Surviving Monotony

Part of parenthood is coming to terms with your child’s fascination and obsession with monotony. Anyone who has heard the question “Why?” more than 5 times in a 60 second window understands. Anyone who has had to read the same story 10 times in a single day can empathize. Anyone who has had to listen to the same music in the car for days on end feels my pain.

It’s rather incredible how kids can get the same, if not more, enjoyment out of an activity that they have just engaged in no less than 30 seconds prior. The sheer wonder and pleasure they get from that book, song or slide is baffling. But I have to admit, I’m a little jealous of it.

If I read the same book over and over, I would get bored. Hearing the same music over and over again just makes me lower the volume. Adults seem to value change much more than monotony, which is exactly the opposite of children.

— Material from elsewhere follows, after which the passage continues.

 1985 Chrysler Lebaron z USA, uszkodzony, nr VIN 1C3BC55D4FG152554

Children, above all, thrive on repetition. I’m currently reading G.K. Chesterton’s Orthodoxy (free on Kindle – nice!). It is a really interesting read. Basically, it’s about his person journey of thought to Christianity. In one section, he talks about how adults shy away from monotony. In his estimation, we falsely believe that when something is monotonous, it is dead – think of a clock, consistently ticking with no variety, no change. “People feel that if the universe was personal, it would vary; if the sun were alive it would dance.”

Chesterton offers an alternate way of viewing monotony. He suggests we look at children and their love of monotony. “Because children have abounding vitality, because they are in spirit fierce and free, therefore they want things repeated and unchanged. They always say “Do it again”; and the grown-up person does it again until he is nearly dead. For grown-up people are not strong enough to exult in monotony.”

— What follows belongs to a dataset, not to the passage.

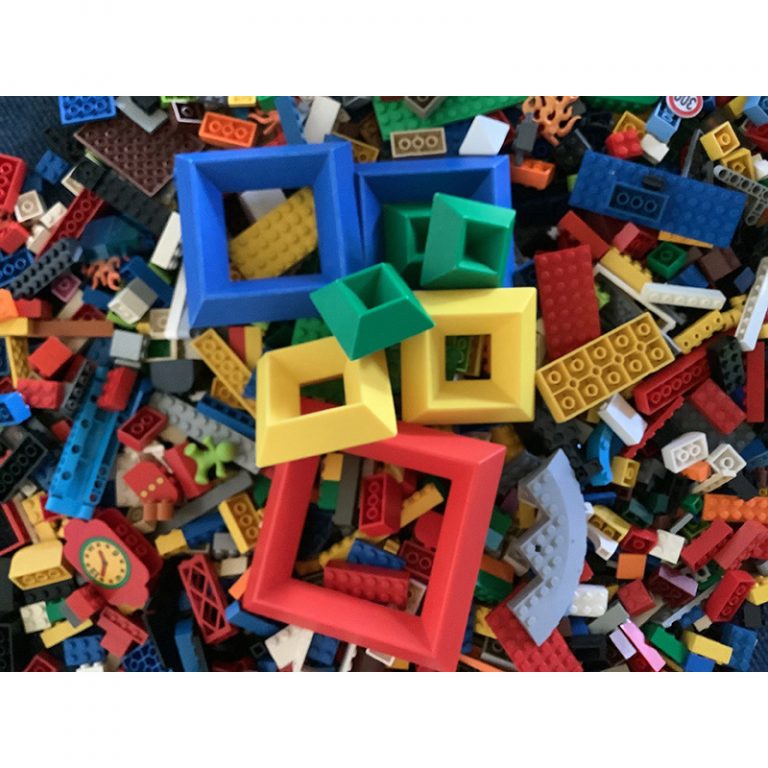 Kita-Max-Kolmsperger-Str-7-bis-9-Jahre-Die-Lego-Sauerei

It’s so true! It’s exhausting , almost painful, to read Goodnight Moon after the 8th time. The words start to run together, you try to skip a page but your child knows the story too well and catches you and you start to doze by the time the quiet old lady/rabbit whispers hush.

Chesterton challenges his readers to consider someone else who perhaps enjoys monotony. For Chesterton, the world was full of wonderful miracles and as he grew, he began to wonder if perhaps these miracles were more than just happy coincidence, what if they were “repeated exercises of some will.” He says “I had always felt life first as a story: and if there is a story there is a story-teller.” Or, in other words, God.

What if

God makes every daisy separately, but has never gotten tired of making them….The repetition in Nature may not be a mere recurrence; it may be a theatrical encore.

I love this outlook. For those of you who believe in a personal, loving, creative God, this about sums it up. God creates from pure love and joy, exulting in monotony while at the same time creating each person, each tree, each flower uniquely and individually.

So yes, monotony can be grating on the nerves. Rather than letting it irritate us, we can use it as an opportunity to be grateful. We can look at the sunrise and instead of seeing something automatic, pause to revel in it’s brilliance. Instead of dreading the music on repeat, we can appreciate of gift of hearing. We can speed our way through Green Eggs and Ham, or we can let our children’s delight become our own as they shout with glee “I DO NOT LIKE GREEN EGGS AND HAM!”

Do you struggle with monotony? How can you turn something that is monotonous into an opportunity for appreciation or gratitude instead of a moment of frustration and a strong desire to escape?